Build Trust Through Test Automation and Monitoring
“Trust takes years to build, seconds to break, and forever to repair.”
We recently talked to a data team in a financial services company that lost the trust of their users. They lacked the resources to implement quality controls so bad data sometimes leaked into user analytics. After several high-profile episodes, department heads hired their own people to create reports. For a data-analytics team, this is the nightmare scenario, and it could have been avoided.
Organizations trust their data when they believe it is accurate. A data team can struggle to produce high-quality analytics when resources are limited, business logic keeps changing and data sources have less-than-perfect quality themselves. Accurate data analytics are the product of quality controls and sound processes.
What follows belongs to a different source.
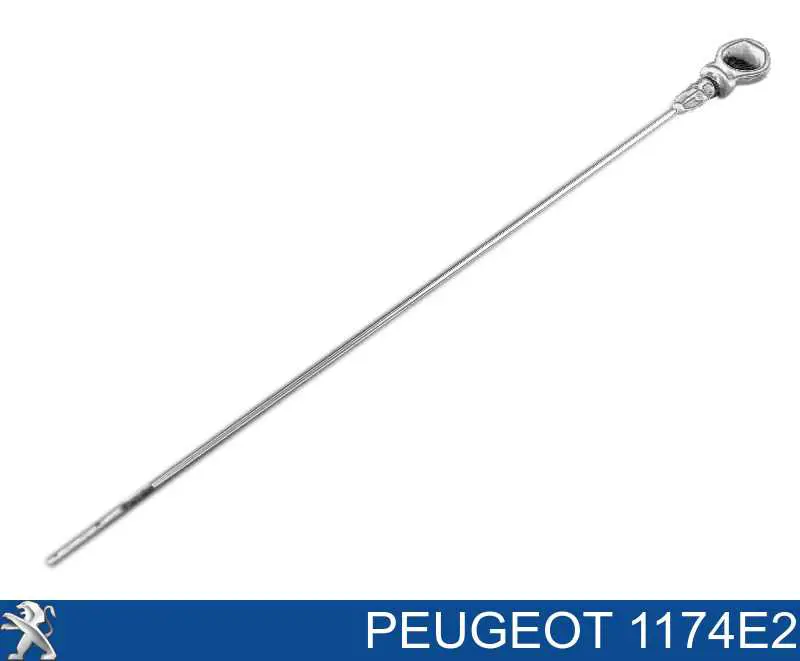 1174E2 Peugeot/Citroen Bagnet poziomu oleju w silniku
The data team can’t spend 100% of its time checking data, but if data analysts or scientists spend 10–20% of their time on quality, they can produce an automated testing and monitoring system that does the work for them. Automated testing can work 24x7 to ensure that bad data never reaches users, and when a mishap does occur, it helps to be able to assure users that new tests can be written to make certain that an error never happens again. Automated testing and monitoring greatly multiplies the effort that a data team invests in quality.
Data Flow as a Pipeline
Think of data analytics as a manufacturing pipeline. There are inputs (data sources), processes (transformations) and outputs (analytics). A typical manufacturing process includes tests at every step in the pipeline that attempt to identify problems as early as possible. As every manufacturer knows, it is much more efficient and less expensive to catch a problem in incoming inspection as opposed to finished goods.
Figure 1 depicts the data-analytics pipeline. In this diagram, databases are accessed and then data is transformed in preparation for being input into models. Models output visualizations and reports that provide critical information to users.
Along the way, tests ask important questions. Are data inputs free from issues? Is business logic correct? Are outputs consistent? As in lean manufacturing, tests are performed at every step in the pipeline. For example, data input tests are analogous to manufacturing incoming quality control. Figure 2 shows examples of data input, output and business logic tests.
Data input tests strive to prevent any bad data from being fed into subsequent pipeline stages. Allowing bad data to progress through the pipeline wastes processing resources and increases the risk of never catching an issue. It also focuses attention on the quality of data sources, which must be actively managed — manufacturers call this supply chain management.
Data output tests verify that a pipeline stage executed correctly. Business logic tests validate data against tried and true assumptions about the business. For example, perhaps all European customers are assigned to a member of the Europe sales team.
Test results saved over time provide a way to check and monitor quality versus historical levels.
Failure Modes
A disciplined data production process classifies failures according to severity level. Some errors are fatal and require the data analytics pipeline to be stopped. In a manufacturing setting, the most severe errors “stop the line.”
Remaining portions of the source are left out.